EXERCISE DIRECTIONS = Copy each line below exactly and leave the pictures out.

ENTRIES SHOWN =
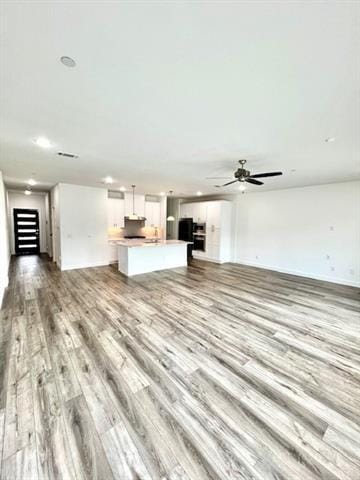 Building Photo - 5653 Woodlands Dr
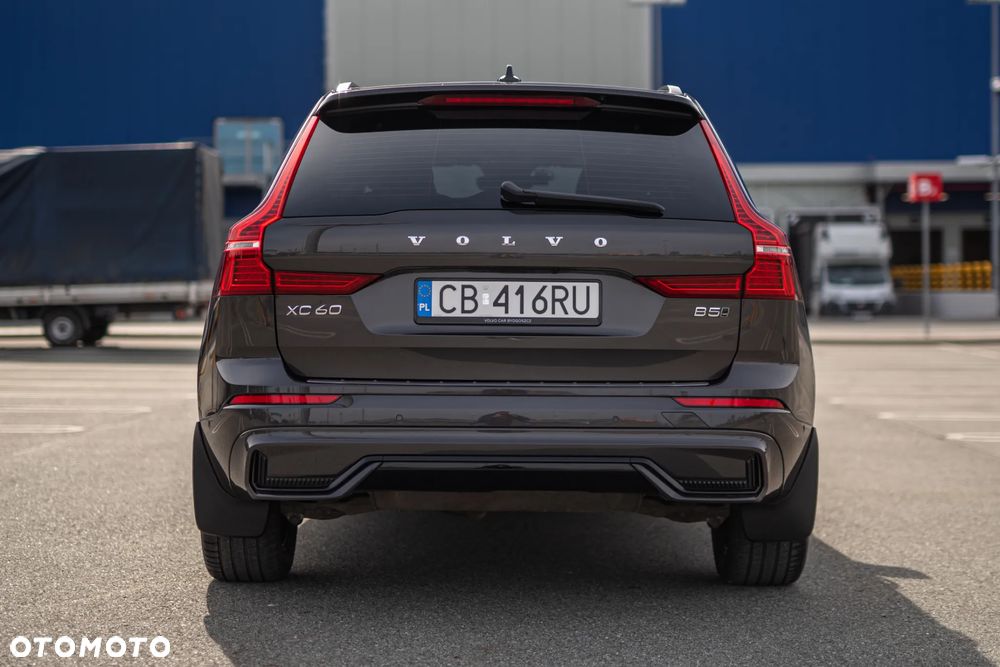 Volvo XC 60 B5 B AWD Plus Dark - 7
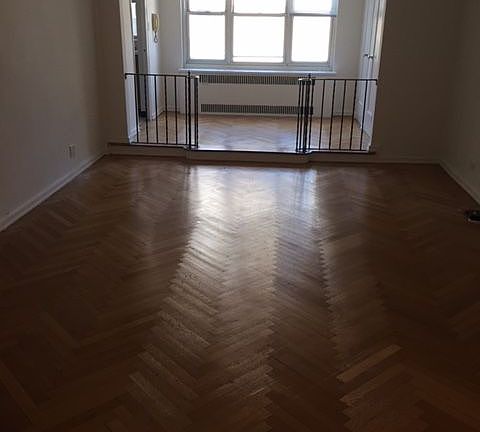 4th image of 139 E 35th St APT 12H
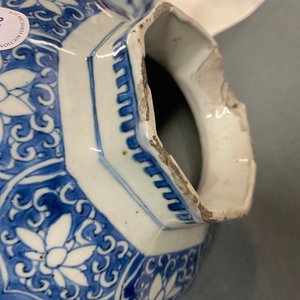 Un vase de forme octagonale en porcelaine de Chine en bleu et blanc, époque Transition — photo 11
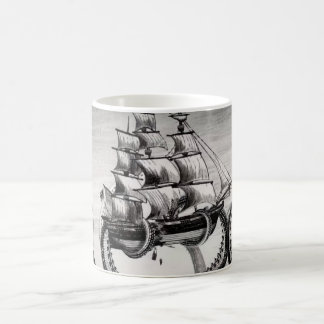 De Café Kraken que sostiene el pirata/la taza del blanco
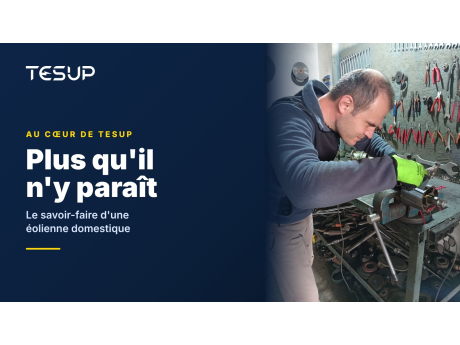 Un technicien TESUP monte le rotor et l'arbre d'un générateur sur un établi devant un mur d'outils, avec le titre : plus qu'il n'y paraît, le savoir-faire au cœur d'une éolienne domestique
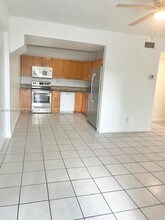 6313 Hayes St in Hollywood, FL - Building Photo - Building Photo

ANSWER BELOW =
 Building Photo - 5653 Woodlands Dr
 Volvo XC 60 B5 B AWD Plus Dark - 7
 4th image of 139 E 35th St APT 12H
 Un vase de forme octagonale en porcelaine de Chine en bleu et blanc, époque Transition — photo 11
 De Café Kraken que sostiene el pirata/la taza del blanco
 Un technicien TESUP monte le rotor et l'arbre d'un générateur sur un établi devant un mur d'outils, avec le titre : plus qu'il n'y paraît, le savoir-faire au cœur d'une éolienne domestique
 6313 Hayes St in Hollywood, FL - Building Photo - Building Photo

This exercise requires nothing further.